> _GOAL OF THE EXERCISE_
Reproduce everything from the line that contains "Кулак поворотный Ford Focus 2010 2" down to the line that contains "Latex horror costume" in the listing below, word for word and nothing more. Leave the pictures out.

> _EXCERPTED RECORDS_
* * *
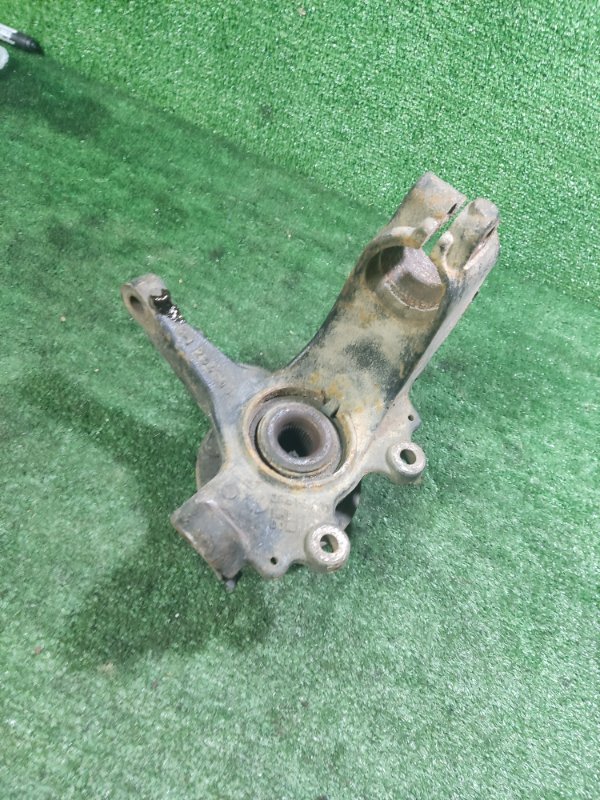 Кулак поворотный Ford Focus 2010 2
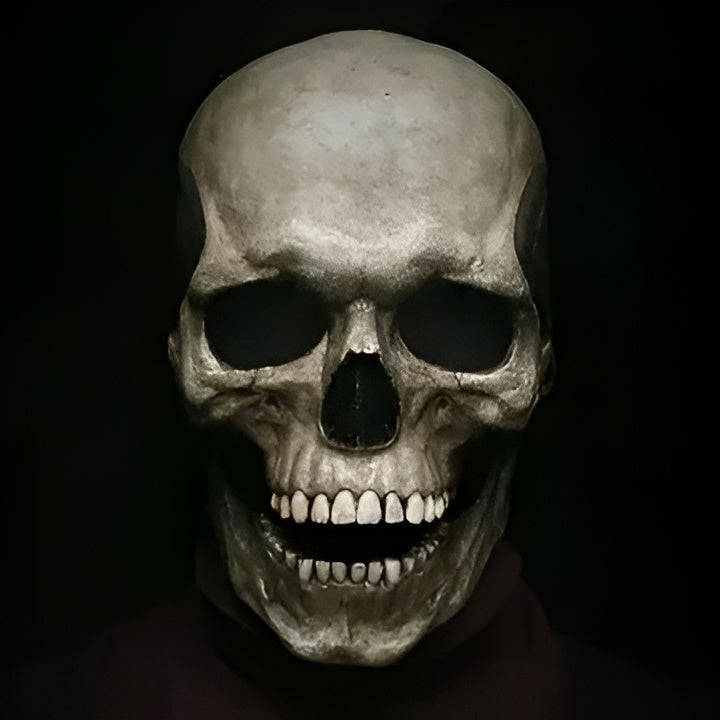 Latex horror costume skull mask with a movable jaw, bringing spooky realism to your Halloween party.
* * *
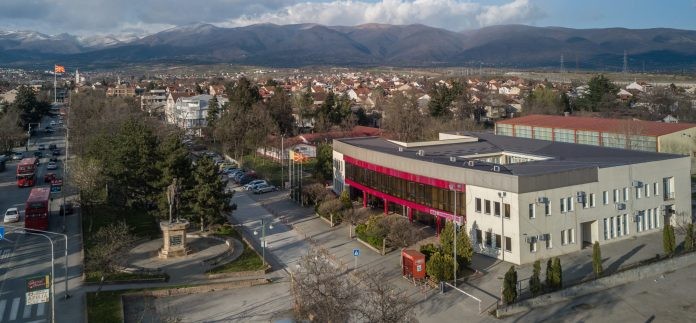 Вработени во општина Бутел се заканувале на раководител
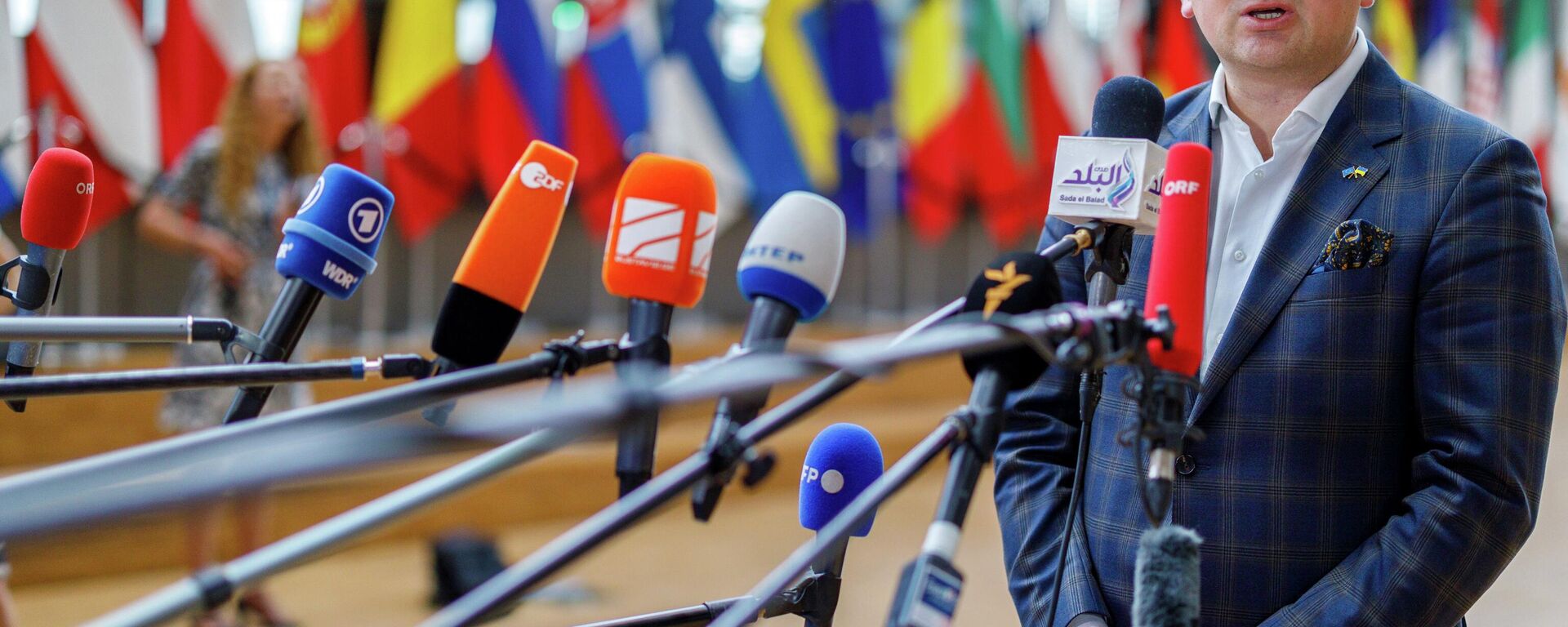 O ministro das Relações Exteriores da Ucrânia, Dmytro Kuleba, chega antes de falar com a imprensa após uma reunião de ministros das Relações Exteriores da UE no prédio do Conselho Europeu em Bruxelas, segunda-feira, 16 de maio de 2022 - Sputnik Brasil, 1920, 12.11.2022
* * *
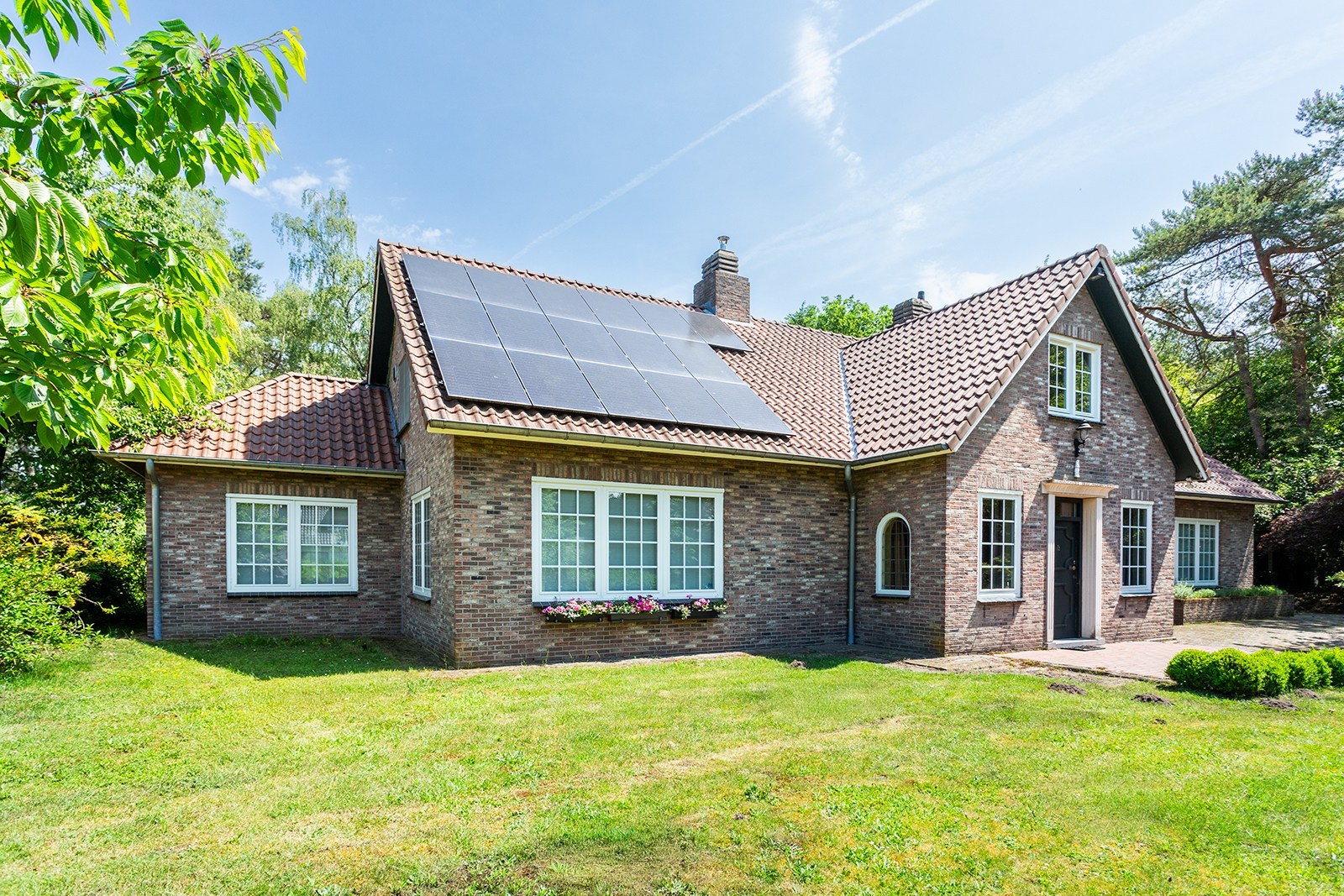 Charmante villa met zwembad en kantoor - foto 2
* * *
> _EXPECTED ANSWER_
 Кулак поворотный Ford Focus 2010 2
 Latex horror costume skull mask with a movable jaw, bringing spooky realism to your Halloween party.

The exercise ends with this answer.